La civilización está signada por la omnipresencia científico-tecnológica y la funcionalidad de los aprendizajes. Por esta razón se vuelve indispensable el amparo del lugar donde interactúan la moral, las creencias, la educación, la creación artística, el pensamiento humanista y también, claro, la ciencia y la tecnología. Ese refugio es la cultura y su responsabilidad consiste en darle contenido a este desarrollo de final imprevisible.

Dicho de otro modo: ahora, en una época en la que cada vez se necesitan más preguntas, la humanidad vive en función de respuestas superficiales, sesgadas, interesadas y funcionales. Son los reflejos de la estampida. Resulta en apariencia innecesario formularse preguntas porque el tener –una poco novedosa medida del éxito– requiere simplemente respuestas utilitarias que están en cualquier teléfono inteligente, en cualquier iPad, en cualquier computadora, en el infinito cúmulo de información que contrasta con la vieja, y no tanto, lírica de Bob Dylan, el muchacho que preguntaba y buscaba las respuestas en el viento, ese lugar donde las verdaderas interrogantes, las que son capaces de ayudarnos a detener la estampida, siguen flotando: “¿Y cuántas veces puede un hombre mirar hacia otro lado pretendiendo que no ve nada?”.

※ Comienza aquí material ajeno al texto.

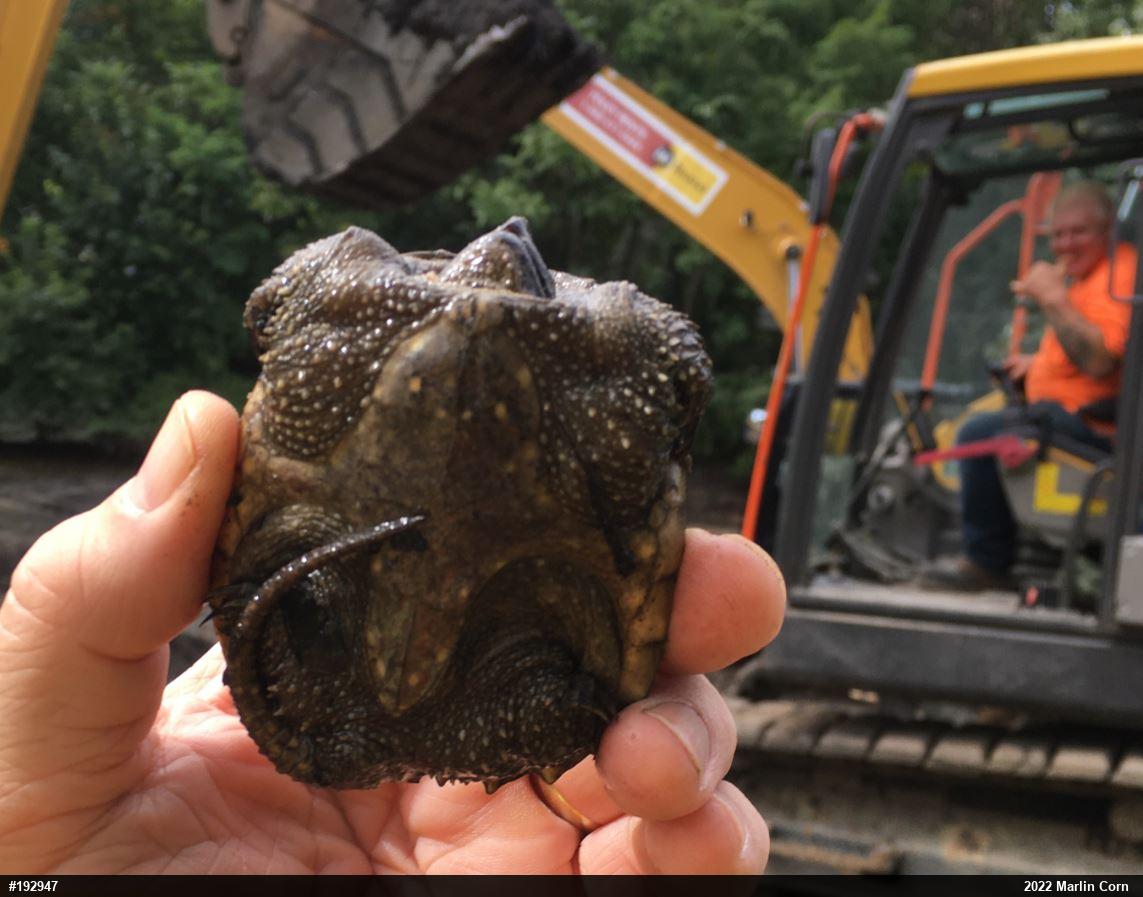 Snapping Turtle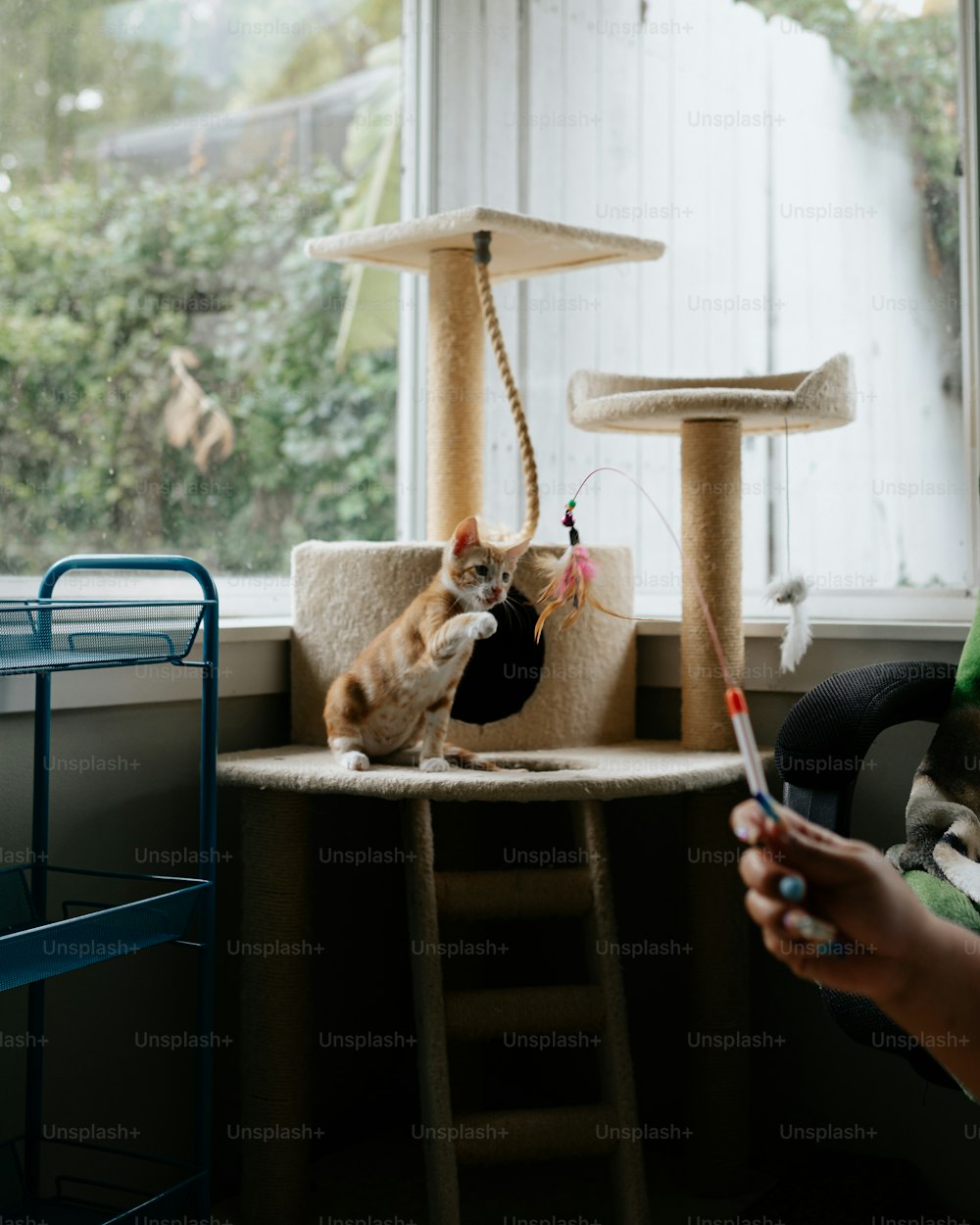 um gato sentado em cima de um arranhador ao lado de uma janela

El poder, esa especie de neblina que se extiende sobre la tierra toda, inaprensible, viscosa y que siempre se alimentó de la ignorancia, ahora, además, hechiza con la tecnología. Y la humanidad no se resiste, recibe todo lo bueno hasta caer en el sedentarismo intelectual. En consecuencia, asistimos a una especie de ignorancia informada: aprendemos a hacer las cosas necesarias pero cada vez tenemos menos estímulos para pensar por qué o para qué. ¿Por qué? ¿Para qué?

Las Crónicas de la Estampida son reflexiones acerca del vértigo de la contemporaneidad –con anclajes en la comunicación y la cultura– que no pretenden desentrañar sus complejidades pero sí advertirlas para saber cómo esta época trata a nuestra sensibilidad y cómo va deconstruyendo algunos valores básicos e indispensables del humanismo.